郁美はしっかりとした口調でそう言い、ほほ笑んだ。


その笑顔も、溶けた頬を無理やり押し上げているだけだった。


「夜に1人で部屋に入ったのか?」


健が震える声でそうきいた。


郁美は健を見て少しだけ悲しそうな表情を浮かべた。


「そうだよ」


「なんで、そんな事を……!!」


「だって、みんなで外出てほしいんだもん」


郁美はそう言い、あたしを見た。


その目はとても澄んでいる。


嘘をついていないということは、すぐに理解できた。


「お願い明日花、あたしが思い出したことをちゃんと聞いて」


郁美がそう言い、あたしに一歩近づいた。


その衝撃でどこかの肉がボトリと床に落ちていく。


「わかった。
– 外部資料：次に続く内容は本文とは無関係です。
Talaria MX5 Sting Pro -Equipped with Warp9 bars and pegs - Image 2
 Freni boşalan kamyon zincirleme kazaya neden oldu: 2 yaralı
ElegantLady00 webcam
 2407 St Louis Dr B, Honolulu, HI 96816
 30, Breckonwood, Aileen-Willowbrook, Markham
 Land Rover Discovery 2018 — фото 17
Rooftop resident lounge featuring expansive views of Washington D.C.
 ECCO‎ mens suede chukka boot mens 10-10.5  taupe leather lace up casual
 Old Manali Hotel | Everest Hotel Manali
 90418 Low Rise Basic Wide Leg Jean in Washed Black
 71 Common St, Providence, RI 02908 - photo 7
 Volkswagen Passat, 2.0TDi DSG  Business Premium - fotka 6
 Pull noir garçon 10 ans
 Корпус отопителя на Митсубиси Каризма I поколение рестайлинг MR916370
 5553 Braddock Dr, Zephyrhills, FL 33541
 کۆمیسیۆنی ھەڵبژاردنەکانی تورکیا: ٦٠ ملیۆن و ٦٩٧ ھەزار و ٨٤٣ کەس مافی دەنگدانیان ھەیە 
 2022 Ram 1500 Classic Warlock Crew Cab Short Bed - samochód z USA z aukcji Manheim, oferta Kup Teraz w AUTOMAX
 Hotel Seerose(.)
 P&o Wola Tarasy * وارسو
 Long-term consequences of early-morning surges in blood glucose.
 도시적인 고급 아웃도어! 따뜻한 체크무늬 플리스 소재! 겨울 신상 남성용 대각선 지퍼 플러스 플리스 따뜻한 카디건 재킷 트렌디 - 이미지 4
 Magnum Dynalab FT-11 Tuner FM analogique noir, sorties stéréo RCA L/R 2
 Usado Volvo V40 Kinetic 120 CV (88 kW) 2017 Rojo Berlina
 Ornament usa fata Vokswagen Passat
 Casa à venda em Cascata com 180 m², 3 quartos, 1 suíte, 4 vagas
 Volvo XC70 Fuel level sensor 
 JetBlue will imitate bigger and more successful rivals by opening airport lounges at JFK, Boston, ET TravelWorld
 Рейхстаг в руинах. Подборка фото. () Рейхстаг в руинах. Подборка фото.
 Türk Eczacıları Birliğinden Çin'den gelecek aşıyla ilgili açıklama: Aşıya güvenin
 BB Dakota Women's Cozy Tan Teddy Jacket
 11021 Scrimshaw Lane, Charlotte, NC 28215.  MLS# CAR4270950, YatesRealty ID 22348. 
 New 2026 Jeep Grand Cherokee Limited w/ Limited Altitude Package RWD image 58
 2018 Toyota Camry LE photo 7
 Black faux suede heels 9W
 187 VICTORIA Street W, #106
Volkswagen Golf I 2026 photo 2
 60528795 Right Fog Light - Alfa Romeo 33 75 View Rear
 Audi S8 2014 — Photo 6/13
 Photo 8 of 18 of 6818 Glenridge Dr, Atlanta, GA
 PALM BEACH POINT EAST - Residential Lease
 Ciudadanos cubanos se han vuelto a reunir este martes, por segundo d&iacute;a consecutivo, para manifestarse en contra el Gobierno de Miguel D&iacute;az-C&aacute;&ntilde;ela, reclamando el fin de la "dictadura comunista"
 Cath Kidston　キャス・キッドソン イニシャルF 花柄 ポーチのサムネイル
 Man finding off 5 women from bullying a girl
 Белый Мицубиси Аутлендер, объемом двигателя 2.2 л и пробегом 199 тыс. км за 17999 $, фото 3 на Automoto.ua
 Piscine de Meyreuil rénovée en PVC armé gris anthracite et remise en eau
わかったから、そこに座って」


なるべく郁美を移動させないよう、あたしはそう言った。


郁美は廊下の真ん中に座り、あたしはその前に座った。


「あたし、思い出したの」


「うん」


「あの公園にいたマミちゃん。斎藤マミちゃん」


斎藤マミ……!!


そうだ。


マミちゃんの苗字は確かに斎藤だった。